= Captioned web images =
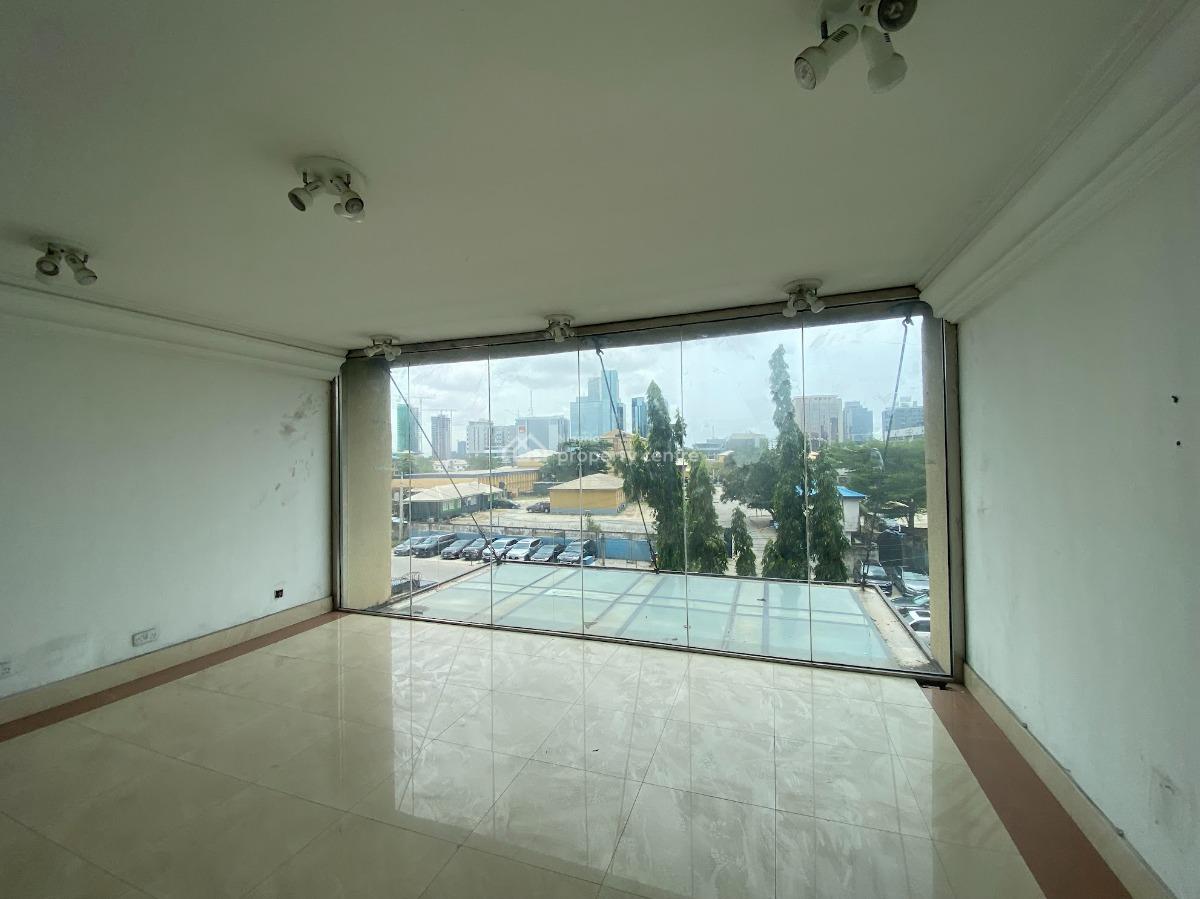 Office Space 1,000sqm Commercial Space Available, Victoria Island (vi), Lagos, Office Space for Rent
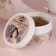 Sugar body scrub "most charming" coffee 250 ml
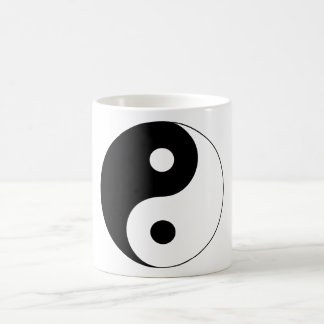 Yin Yang Symbol Spiritueel Koffiemok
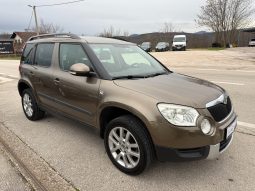 
										Škoda Yeti 2.0 TDI 110 KS ELEGANCE XENON 2010 full									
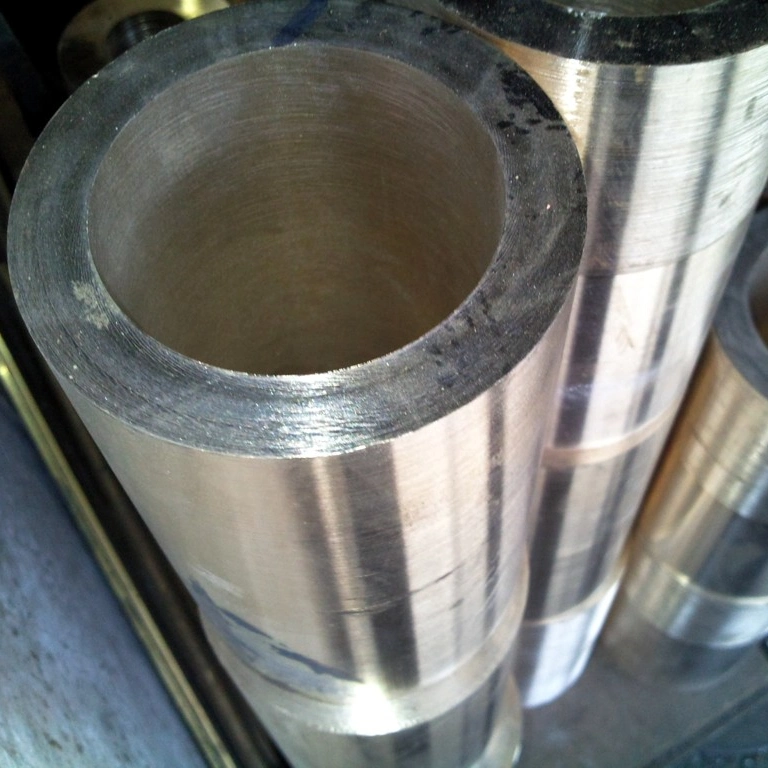 Tubo de aluminio de aleación de bronce C95400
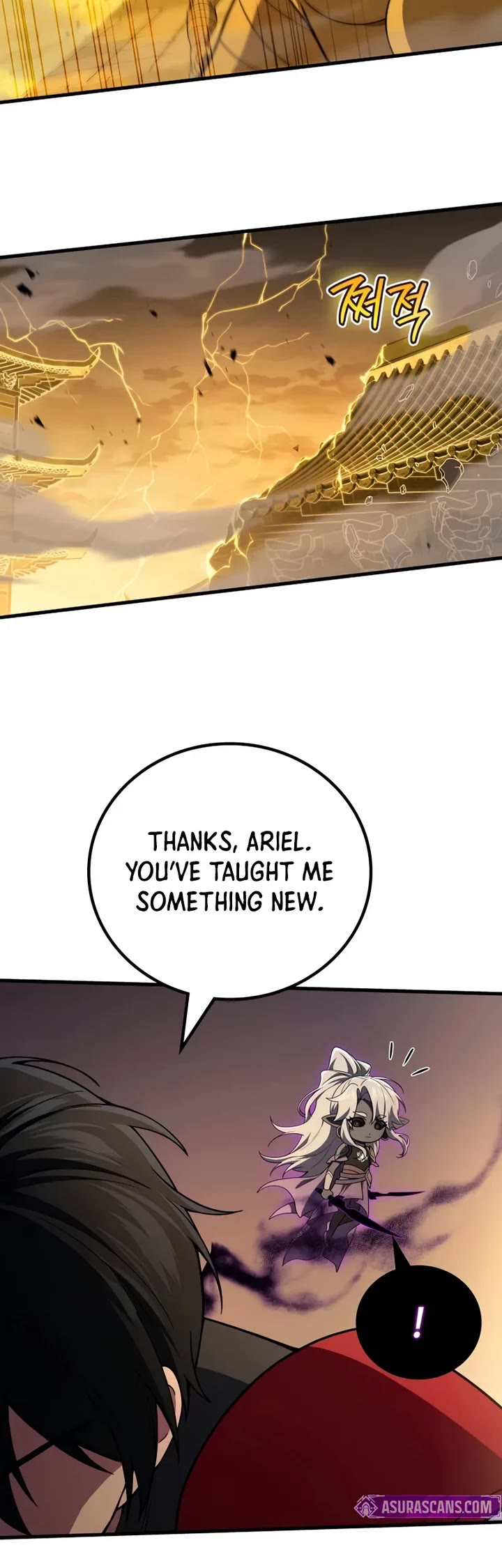 The Martial God who Regressed Back to Level 2 chapter 109 page 39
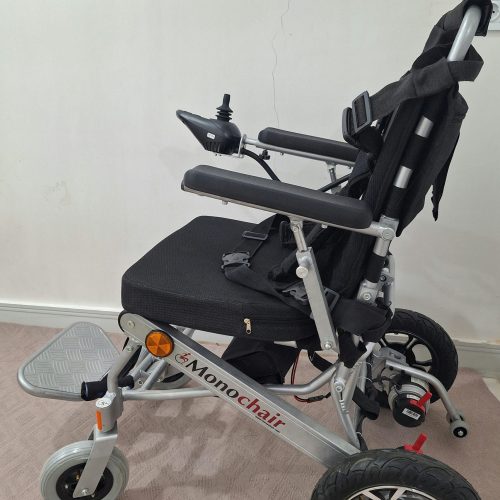 ویلچر برقی مونوچیر مدل ۱۲F250 T3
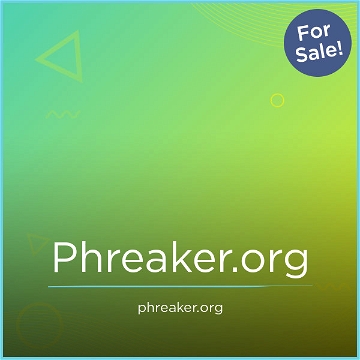 Phreaker.org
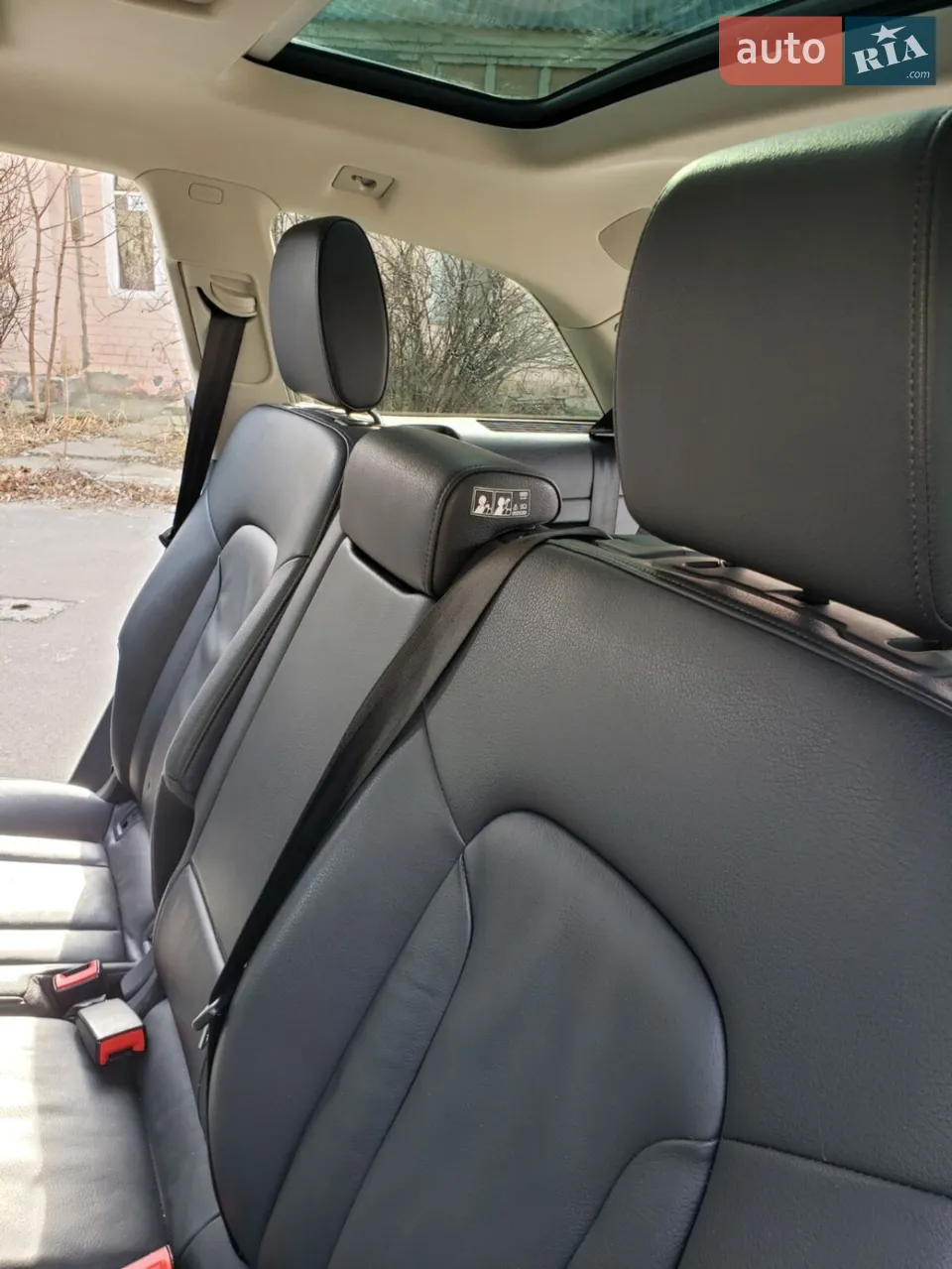 2014 Audi Q7 - мініатюра 22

= Task goal =
Without the pictures, return all the entries above exactly as they stand.

= Reply to the task =
 Office Space 1,000sqm Commercial Space Available, Victoria Island (vi), Lagos, Office Space for Rent
 Sugar body scrub "most charming" coffee 250 ml
 Yin Yang Symbol Spiritueel Koffiemok
										Škoda Yeti 2.0 TDI 110 KS ELEGANCE XENON 2010 full									
 Tubo de aluminio de aleación de bronce C95400
 The Martial God who Regressed Back to Level 2 chapter 109 page 39
 ویلچر برقی مونوچیر مدل ۱۲F250 T3
 Phreaker.org
 2014 Audi Q7 - мініатюра 22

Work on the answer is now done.